START PROVIDED RECORDS
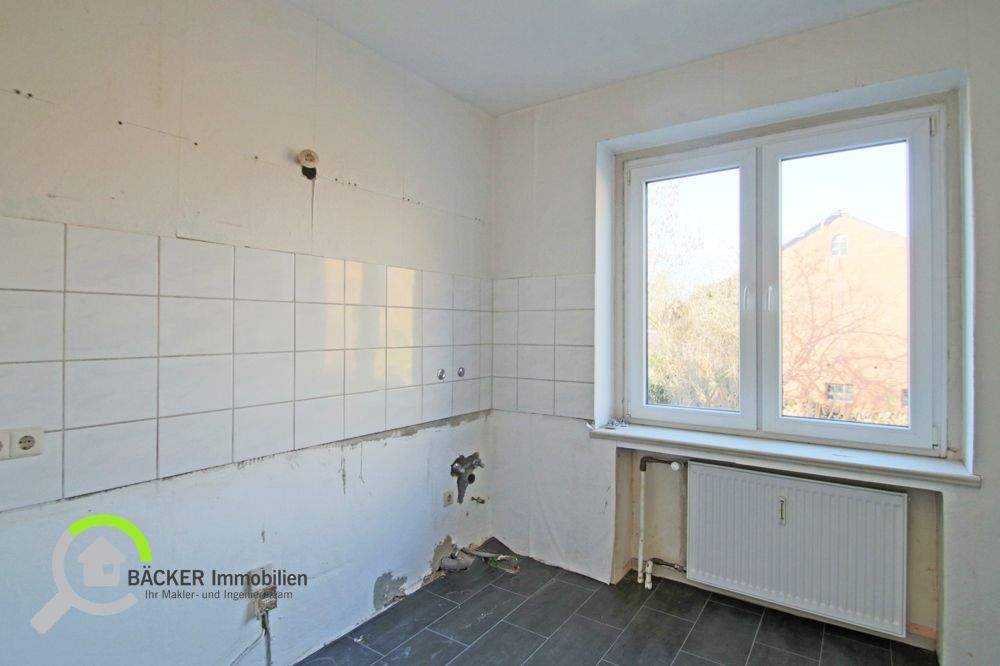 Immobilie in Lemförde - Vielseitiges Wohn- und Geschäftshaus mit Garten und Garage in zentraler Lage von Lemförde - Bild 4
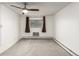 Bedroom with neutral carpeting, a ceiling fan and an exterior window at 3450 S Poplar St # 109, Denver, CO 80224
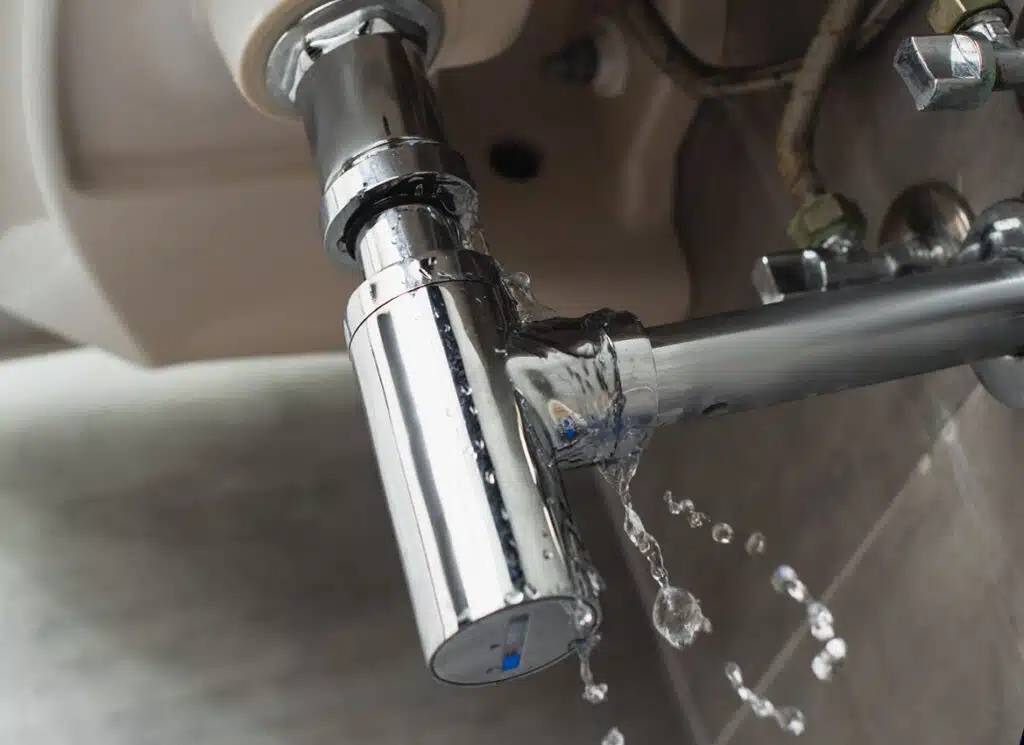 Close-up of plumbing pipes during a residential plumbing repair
END PROVIDED RECORDS
START PROVIDED RECORDS
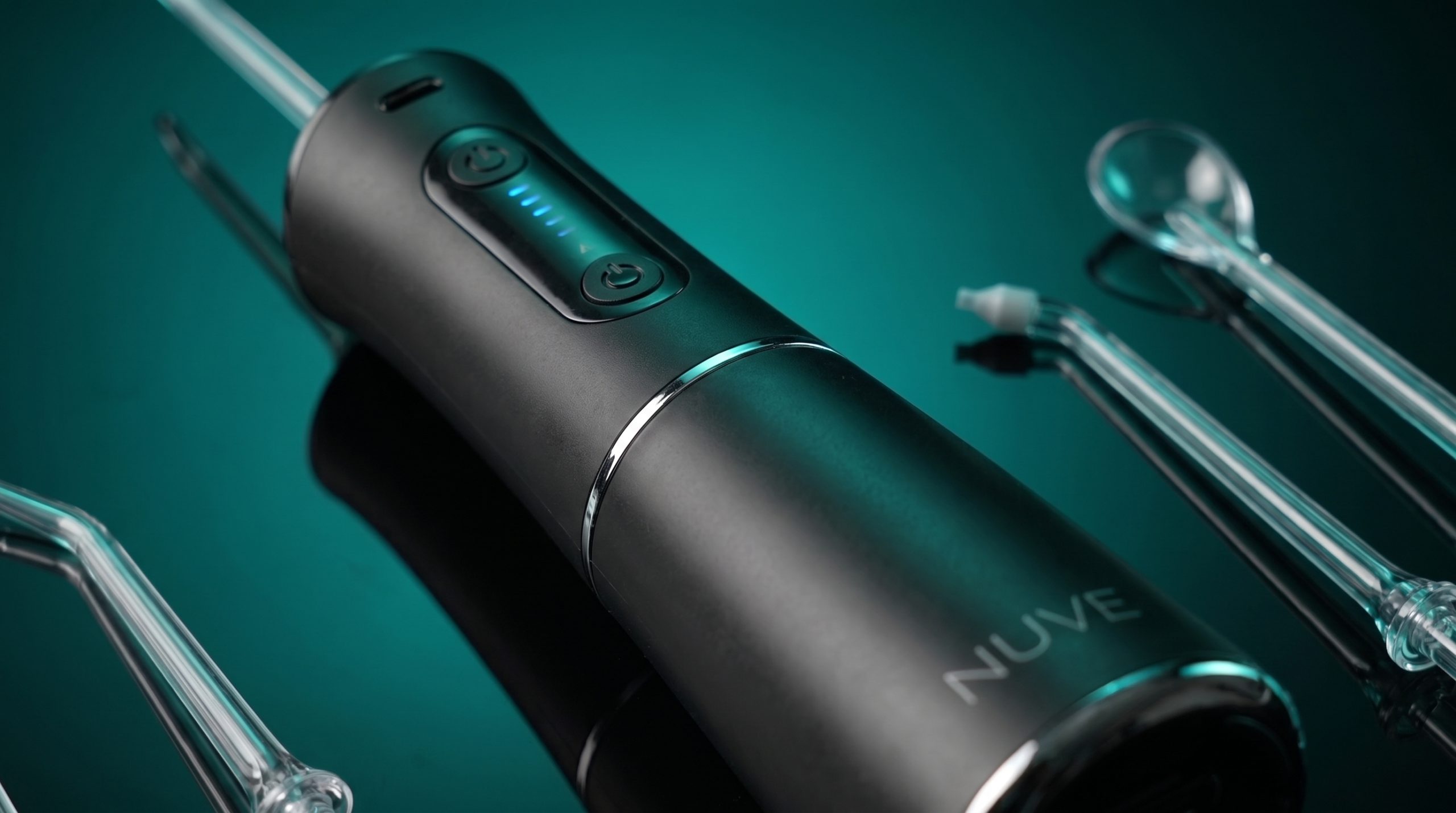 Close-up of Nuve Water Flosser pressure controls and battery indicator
END PROVIDED RECORDS
TASK TO COMPLETE ->
Output exactly the stretch of the listing that begins at the line containing "Immobilie in Lemförde" and ends at the line containing "Close-up of plumbing", both kept. Omit pictures and everything else.

EXERCISE SOLUTION ->
 Immobilie in Lemförde - Vielseitiges Wohn- und Geschäftshaus mit Garten und Garage in zentraler Lage von Lemförde - Bild 4
 Bedroom with neutral carpeting, a ceiling fan and an exterior window at 3450 S Poplar St # 109, Denver, CO 80224
 Close-up of plumbing pipes during a residential plumbing repair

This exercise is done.